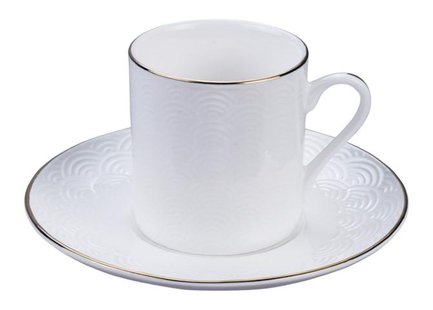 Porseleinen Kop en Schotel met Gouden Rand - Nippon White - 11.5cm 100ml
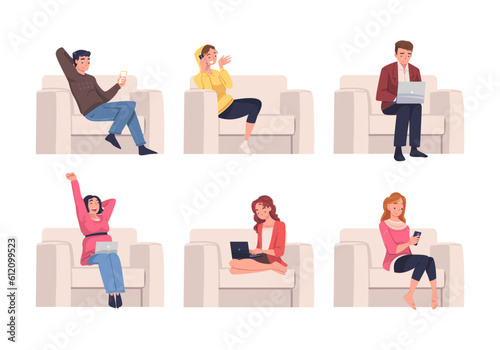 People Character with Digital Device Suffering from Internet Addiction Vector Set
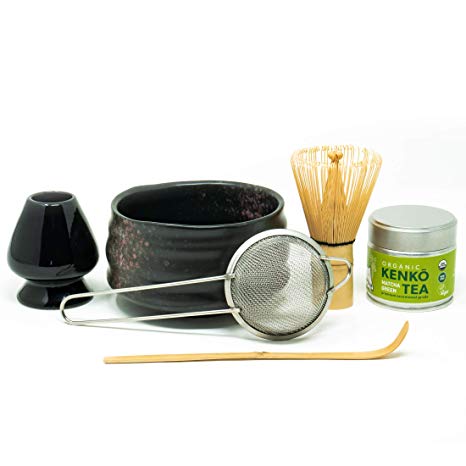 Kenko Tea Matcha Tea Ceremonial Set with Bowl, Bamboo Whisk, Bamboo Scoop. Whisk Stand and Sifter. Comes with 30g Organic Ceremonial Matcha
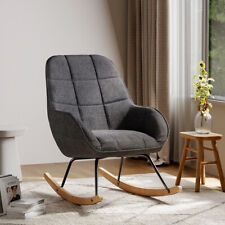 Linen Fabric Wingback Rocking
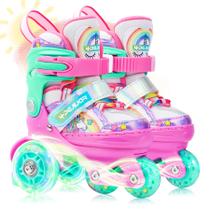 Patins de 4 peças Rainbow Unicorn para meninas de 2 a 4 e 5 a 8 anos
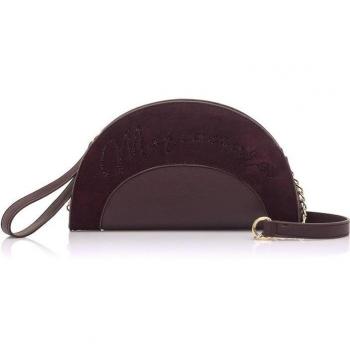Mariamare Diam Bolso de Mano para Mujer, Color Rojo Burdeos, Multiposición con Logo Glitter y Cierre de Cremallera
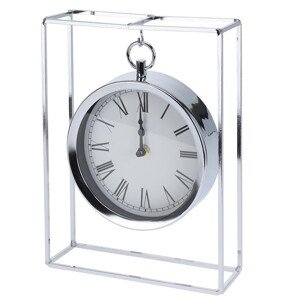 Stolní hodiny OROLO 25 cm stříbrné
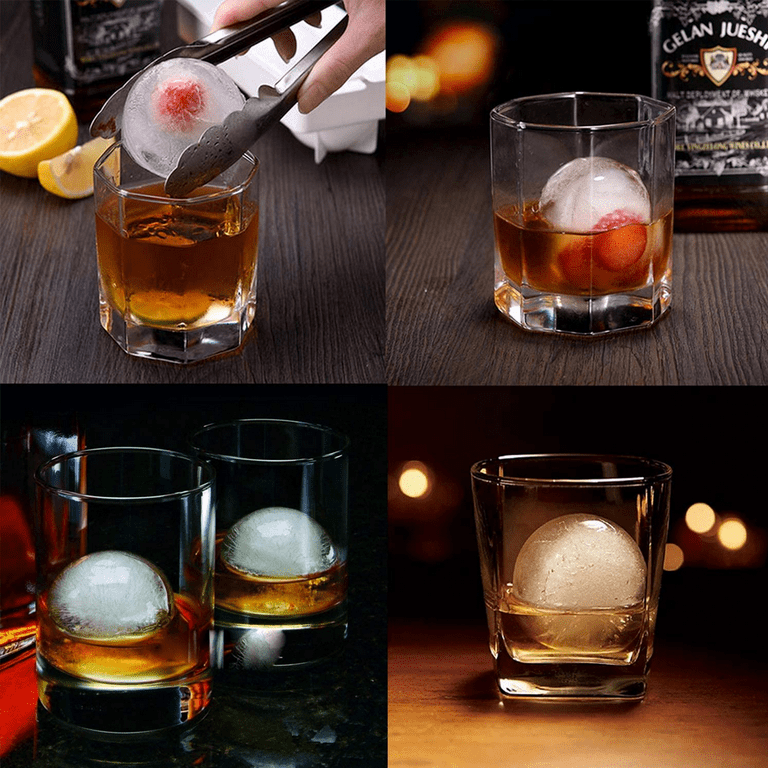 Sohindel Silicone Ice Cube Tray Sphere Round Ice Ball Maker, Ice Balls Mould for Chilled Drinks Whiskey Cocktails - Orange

+ + + +

__Aim of the exercise__:
Return the data exactly. Do not carry over any images.

__Written response__:
 Porseleinen Kop en Schotel met Gouden Rand - Nippon White - 11.5cm 100ml
 People Character with Digital Device Suffering from Internet Addiction Vector Set
 Kenko Tea Matcha Tea Ceremonial Set with Bowl, Bamboo Whisk, Bamboo Scoop. Whisk Stand and Sifter. Comes with 30g Organic Ceremonial Matcha
 Linen Fabric Wingback Rocking
 Patins de 4 peças Rainbow Unicorn para meninas de 2 a 4 e 5 a 8 anos
Mariamare Diam Bolso de Mano para Mujer, Color Rojo Burdeos, Multiposición con Logo Glitter y Cierre de Cremallera
 Stolní hodiny OROLO 25 cm stříbrné
 Sohindel Silicone Ice Cube Tray Sphere Round Ice Ball Maker, Ice Balls Mould for Chilled Drinks Whiskey Cocktails - Orange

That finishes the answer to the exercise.